## [Task brief]
Excluding all pictures, please output the listing exactly.

── Recorded information

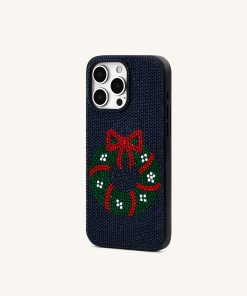 Alternative view of Holiday Wreath Bling Phone Case - Black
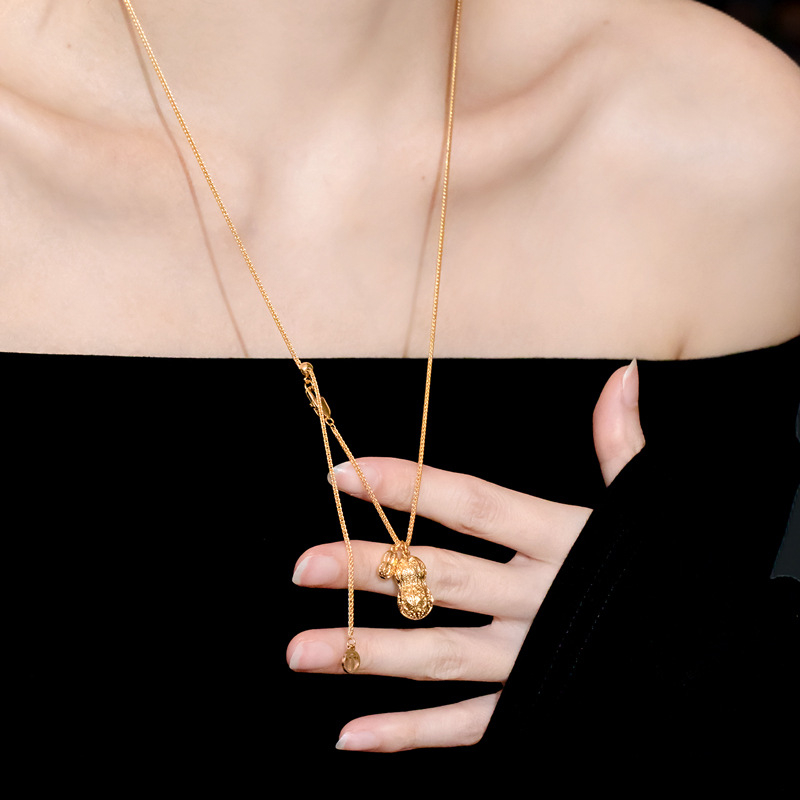 Colier cu pandantiv în formă de arahidă, din cupru, lanț în stil Chopard, placare aurie electroplată, greutate 20 g, destinat femeilor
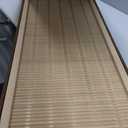 4 Panel Short Room Divider Screen,Beige Freestanding Partition,Small Bamboo Panel Divider for Room Seperation,3.95 FT Tall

────

## [Exercise response]
 Alternative view of Holiday Wreath Bling Phone Case - Black
 Colier cu pandantiv în formă de arahidă, din cupru, lanț în stil Chopard, placare aurie electroplată, greutate 20 g, destinat femeilor
 4 Panel Short Room Divider Screen,Beige Freestanding Partition,Small Bamboo Panel Divider for Room Seperation,3.95 FT Tall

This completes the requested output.